How does it begin? Will it ever end or, at least, be 
contained enough to not be as blatantly and brazenly splashed before our eyes 
like acidic liquid the deep, crimson color of blood? Hatred...unrestrained by a sense of shame; rudely bold, and 
justified by many while they tout the uniform (white polo shirts and khaki 
pants) and carry a burning torch in the day or night. 
![]()  | 
| HER BEAUTIFUL FACE.....! | 
Hate is a word we teach our children not to use. Hate is 
an emotion that, if allowed to control us, has the power to turn us inside out 
as if our internal organs were exposed and we begin to associate the natural 
beauty and goodness of our world as a 'punch in the gut.' Hatemongers 
misinterpret the love of family and friends as reprehensible behavior and 
disassociate themselves from them with the need for a more tangible cause; one 
that justifies the sense of power bursting forth like molten lava from deep 
within their darkening souls.
Heather Heyer.
While under the influence of hate, they seek other 
haters because hate in large quantities helps to substantiate their cause. While 
strengthening their beliefs and affording themselves more power and more intense reasons to 
hate, the haters find safety in numbers; justified by the comfort of an 
administration that clings to them as life supports within a churning sea of 
dissolution and destruction of the 'law of the land' as we know it.
Even writing about hate right now has gotten to me and I 
feel my face contorting into 'facial yoga' expressions that I usually reserve 
for driving alone in the car, protected by the thought that what happens in the 
car stays in the car. Silly me. Vestiges of 'The Scream' painted by Edvard Munch 
begin to dissolve before me as I, too, feel a whiff of melancholy while sitting here 
thinking about his accompanying poem, "I remained behind - Shivering with 
Anxiety - and feeling the infinite Scream in Nature." Edvard Munch
![]()  | 
| 'THE SCREAM' "FEELING THE INFINITE SCREAM IN NATURE"  | 
Heather Heyer could be my own daughter, my friend, the 
girl next door. For each of her thirty-two years on this earth, I thank her that 
many times over and over for holding the goodness in life to a higher standard 
than the sadness of hatred and strife. For this alone, Heather is a hero. Little 
did she know that she would be making the ultimate sacrifice for all that she 
believed in and held so dear to her heart by
giving her own life towards the justification of equality and compassion.

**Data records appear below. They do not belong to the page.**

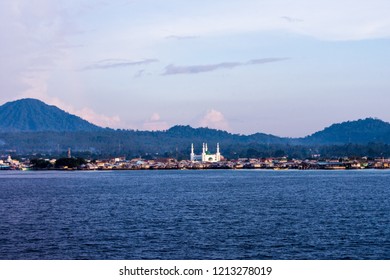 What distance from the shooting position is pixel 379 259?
1084 inches

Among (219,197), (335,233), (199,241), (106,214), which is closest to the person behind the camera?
(199,241)

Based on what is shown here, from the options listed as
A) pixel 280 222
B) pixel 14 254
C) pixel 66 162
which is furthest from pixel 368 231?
pixel 66 162

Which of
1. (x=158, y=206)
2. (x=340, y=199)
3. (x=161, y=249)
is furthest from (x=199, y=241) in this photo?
(x=340, y=199)

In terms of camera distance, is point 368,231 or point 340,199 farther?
point 340,199

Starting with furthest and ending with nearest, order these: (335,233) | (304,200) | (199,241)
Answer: (304,200)
(335,233)
(199,241)

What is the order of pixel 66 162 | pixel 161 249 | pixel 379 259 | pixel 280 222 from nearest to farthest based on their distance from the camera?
pixel 379 259
pixel 161 249
pixel 280 222
pixel 66 162

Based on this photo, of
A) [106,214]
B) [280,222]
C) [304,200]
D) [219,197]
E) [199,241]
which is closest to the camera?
[199,241]

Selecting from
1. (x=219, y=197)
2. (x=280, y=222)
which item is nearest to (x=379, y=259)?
(x=280, y=222)

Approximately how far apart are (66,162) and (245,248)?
158949mm

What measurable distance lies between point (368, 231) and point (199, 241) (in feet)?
27.4

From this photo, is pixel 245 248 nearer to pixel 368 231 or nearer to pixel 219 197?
pixel 368 231

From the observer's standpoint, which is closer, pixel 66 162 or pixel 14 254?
pixel 14 254

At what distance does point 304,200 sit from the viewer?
180 feet

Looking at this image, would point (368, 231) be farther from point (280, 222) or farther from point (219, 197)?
point (219, 197) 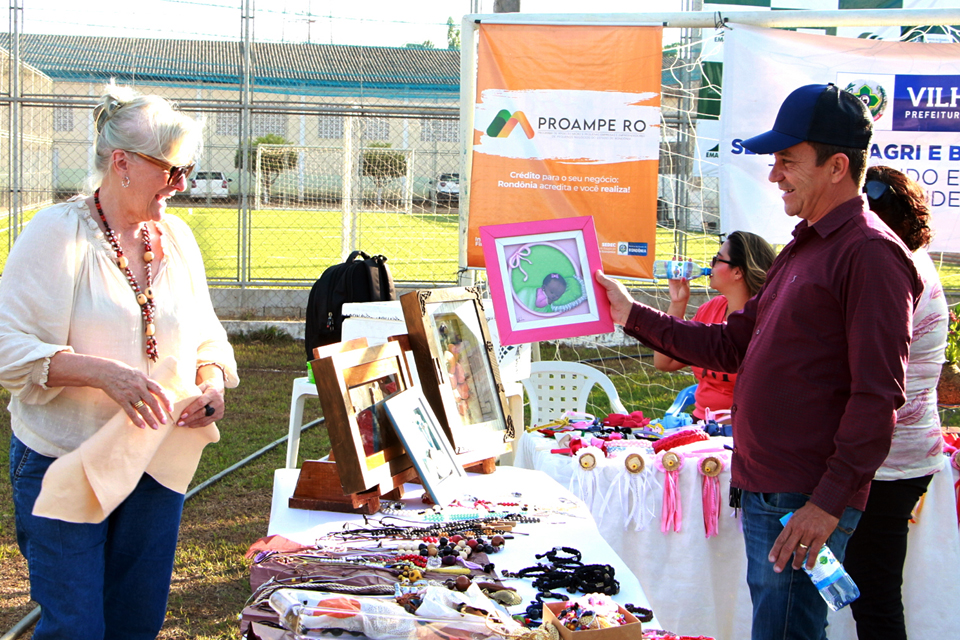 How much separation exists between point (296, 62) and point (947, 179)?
30.7 feet

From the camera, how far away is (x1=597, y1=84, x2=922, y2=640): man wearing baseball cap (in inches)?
72.6

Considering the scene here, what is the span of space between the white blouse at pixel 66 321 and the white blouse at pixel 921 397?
6.65 feet

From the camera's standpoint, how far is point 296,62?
11.9m

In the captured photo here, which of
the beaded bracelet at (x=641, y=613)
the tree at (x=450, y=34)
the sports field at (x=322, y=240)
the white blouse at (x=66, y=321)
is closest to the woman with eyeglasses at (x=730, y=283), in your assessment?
the beaded bracelet at (x=641, y=613)

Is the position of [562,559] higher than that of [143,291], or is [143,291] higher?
[143,291]

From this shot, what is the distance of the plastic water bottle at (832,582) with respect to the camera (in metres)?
1.85

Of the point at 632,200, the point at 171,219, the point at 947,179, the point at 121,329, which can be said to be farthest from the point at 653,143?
the point at 121,329

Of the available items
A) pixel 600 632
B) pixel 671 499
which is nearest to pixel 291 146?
pixel 671 499

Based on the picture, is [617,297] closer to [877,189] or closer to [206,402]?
[877,189]

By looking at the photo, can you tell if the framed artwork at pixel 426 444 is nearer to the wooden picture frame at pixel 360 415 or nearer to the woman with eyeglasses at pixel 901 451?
the wooden picture frame at pixel 360 415

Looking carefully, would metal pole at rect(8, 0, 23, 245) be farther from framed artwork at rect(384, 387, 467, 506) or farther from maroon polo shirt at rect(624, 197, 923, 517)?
maroon polo shirt at rect(624, 197, 923, 517)

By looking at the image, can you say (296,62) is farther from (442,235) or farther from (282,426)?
(282,426)

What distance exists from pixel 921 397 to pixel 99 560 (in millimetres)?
2312

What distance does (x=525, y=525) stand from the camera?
221 centimetres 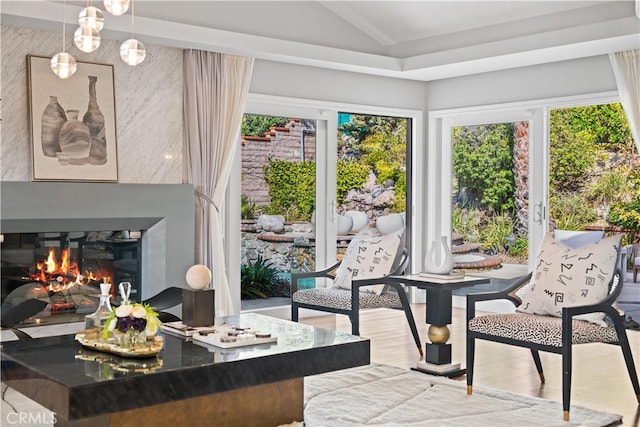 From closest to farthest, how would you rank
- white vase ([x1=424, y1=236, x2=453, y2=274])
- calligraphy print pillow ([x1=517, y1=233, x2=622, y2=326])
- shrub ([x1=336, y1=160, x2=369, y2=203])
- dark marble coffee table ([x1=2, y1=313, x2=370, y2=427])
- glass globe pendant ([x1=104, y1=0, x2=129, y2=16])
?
dark marble coffee table ([x1=2, y1=313, x2=370, y2=427]) < glass globe pendant ([x1=104, y1=0, x2=129, y2=16]) < calligraphy print pillow ([x1=517, y1=233, x2=622, y2=326]) < white vase ([x1=424, y1=236, x2=453, y2=274]) < shrub ([x1=336, y1=160, x2=369, y2=203])

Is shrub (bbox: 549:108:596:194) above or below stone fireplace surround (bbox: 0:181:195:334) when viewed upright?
above

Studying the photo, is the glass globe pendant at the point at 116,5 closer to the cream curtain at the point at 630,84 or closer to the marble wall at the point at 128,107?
the marble wall at the point at 128,107

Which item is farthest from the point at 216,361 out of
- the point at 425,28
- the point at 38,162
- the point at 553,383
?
the point at 425,28

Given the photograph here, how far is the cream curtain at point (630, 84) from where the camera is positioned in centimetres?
577

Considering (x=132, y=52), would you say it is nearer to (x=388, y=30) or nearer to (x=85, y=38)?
(x=85, y=38)

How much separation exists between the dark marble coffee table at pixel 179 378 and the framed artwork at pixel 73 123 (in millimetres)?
2113

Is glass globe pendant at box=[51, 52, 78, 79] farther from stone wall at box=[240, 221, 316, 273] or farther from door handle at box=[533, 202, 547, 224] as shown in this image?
door handle at box=[533, 202, 547, 224]

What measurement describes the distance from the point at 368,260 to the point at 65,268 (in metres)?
2.09

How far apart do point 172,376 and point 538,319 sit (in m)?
2.12

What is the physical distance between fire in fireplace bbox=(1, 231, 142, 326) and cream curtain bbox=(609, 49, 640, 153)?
3790 mm

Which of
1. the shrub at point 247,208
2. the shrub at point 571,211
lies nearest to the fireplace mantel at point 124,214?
the shrub at point 247,208

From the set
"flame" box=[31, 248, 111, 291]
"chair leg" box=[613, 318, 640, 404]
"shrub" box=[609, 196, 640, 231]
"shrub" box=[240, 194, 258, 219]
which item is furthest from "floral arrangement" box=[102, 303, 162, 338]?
"shrub" box=[609, 196, 640, 231]

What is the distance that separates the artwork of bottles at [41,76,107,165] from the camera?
5160 millimetres

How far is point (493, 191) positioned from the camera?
282 inches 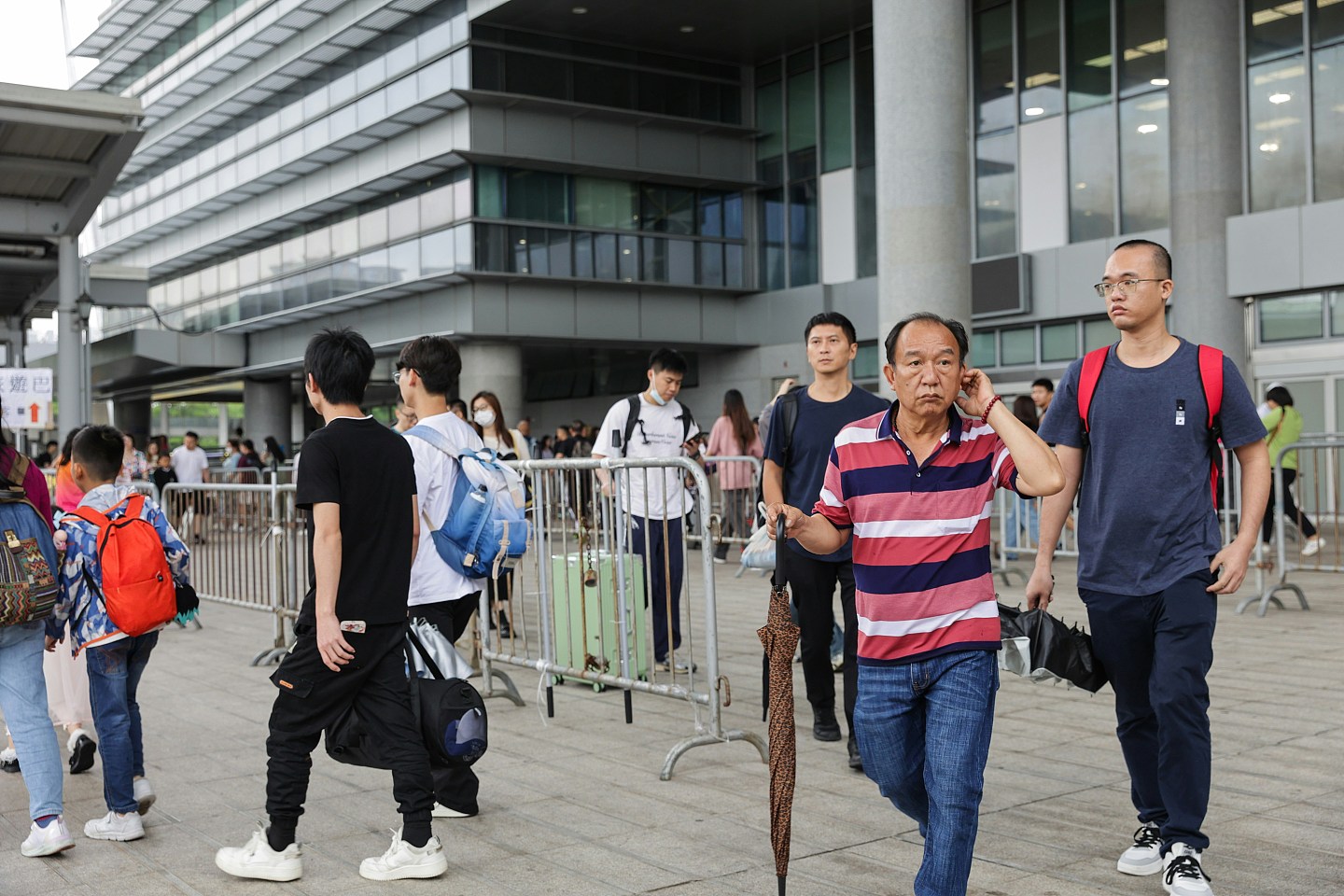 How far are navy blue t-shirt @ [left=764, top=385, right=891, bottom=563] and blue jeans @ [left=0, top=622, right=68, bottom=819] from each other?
305cm

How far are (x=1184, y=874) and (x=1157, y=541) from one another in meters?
0.99

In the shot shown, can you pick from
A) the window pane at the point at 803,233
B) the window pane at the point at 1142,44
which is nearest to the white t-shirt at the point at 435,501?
the window pane at the point at 1142,44

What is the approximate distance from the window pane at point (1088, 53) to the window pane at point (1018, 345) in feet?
13.9

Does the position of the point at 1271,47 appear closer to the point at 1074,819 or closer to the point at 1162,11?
the point at 1162,11

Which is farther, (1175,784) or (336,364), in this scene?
(336,364)

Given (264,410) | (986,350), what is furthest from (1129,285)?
(264,410)

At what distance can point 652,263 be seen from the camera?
28.8m

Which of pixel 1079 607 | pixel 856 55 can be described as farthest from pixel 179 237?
pixel 1079 607

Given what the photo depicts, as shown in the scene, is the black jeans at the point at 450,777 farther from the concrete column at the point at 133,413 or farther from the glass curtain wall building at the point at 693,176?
the concrete column at the point at 133,413

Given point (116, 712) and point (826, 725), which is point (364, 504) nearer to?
point (116, 712)

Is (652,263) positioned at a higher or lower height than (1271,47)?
lower

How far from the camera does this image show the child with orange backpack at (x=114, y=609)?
481cm

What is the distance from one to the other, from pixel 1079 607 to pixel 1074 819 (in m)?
6.30

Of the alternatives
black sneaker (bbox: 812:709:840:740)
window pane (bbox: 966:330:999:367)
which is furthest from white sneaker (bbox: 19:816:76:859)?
window pane (bbox: 966:330:999:367) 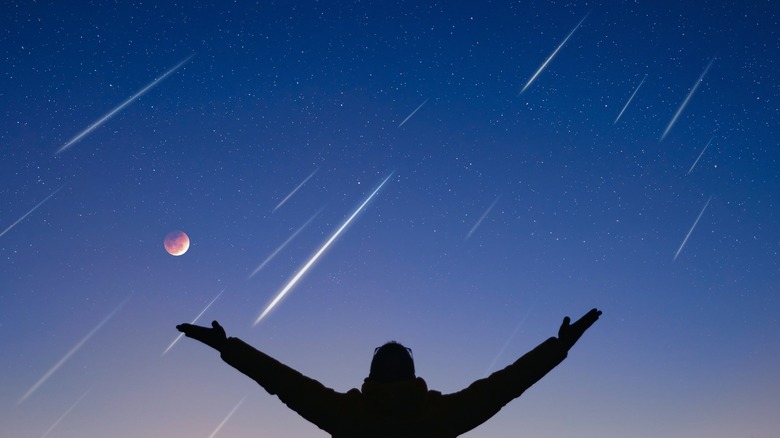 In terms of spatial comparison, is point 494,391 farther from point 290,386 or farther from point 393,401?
point 290,386

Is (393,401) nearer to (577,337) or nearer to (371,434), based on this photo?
(371,434)

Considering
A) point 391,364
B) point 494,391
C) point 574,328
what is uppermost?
point 574,328

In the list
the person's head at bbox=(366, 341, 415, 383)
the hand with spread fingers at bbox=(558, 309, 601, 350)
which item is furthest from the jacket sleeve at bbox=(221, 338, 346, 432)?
the hand with spread fingers at bbox=(558, 309, 601, 350)

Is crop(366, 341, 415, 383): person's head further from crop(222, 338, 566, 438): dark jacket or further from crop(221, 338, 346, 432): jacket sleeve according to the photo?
crop(221, 338, 346, 432): jacket sleeve

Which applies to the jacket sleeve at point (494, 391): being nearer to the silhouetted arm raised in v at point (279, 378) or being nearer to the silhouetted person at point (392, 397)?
the silhouetted person at point (392, 397)

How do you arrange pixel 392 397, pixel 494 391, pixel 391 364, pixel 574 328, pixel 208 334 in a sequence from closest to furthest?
pixel 392 397 → pixel 391 364 → pixel 494 391 → pixel 208 334 → pixel 574 328

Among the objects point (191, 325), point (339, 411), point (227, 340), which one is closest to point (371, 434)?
point (339, 411)

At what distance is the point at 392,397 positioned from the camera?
5652mm

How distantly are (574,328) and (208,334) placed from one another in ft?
12.5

giving her own life towards the justification of equality and compassion.
As I type her name again, Heather Heyer, not wishing to 
forget it...ever, I am becoming more conscious of my emotions. The inevitable 
tears are welling up, rising to the surface, ready to flow. My facial 
expressions soften, become more relaxed this time, and my breathing is deeper, more 
sustained. 
Repeating her name, Heather Heyer, out loud is calming. 
Her kindness, sweetness, and caring for others is like an invisible salve 
spreading across the earth; angel wings floating above the weak and the 
wretched, the loving and kind spirited, alike. I don't know what Heather's voice 
sounds like and, I, more than likely, never will. But, I do know this for 
certain...when we close our eyes and feel the love, experience the hope, and 
hear the voice of comfort, we will know it is Heather's and she is telling us 
not to worry, it's going to be okay!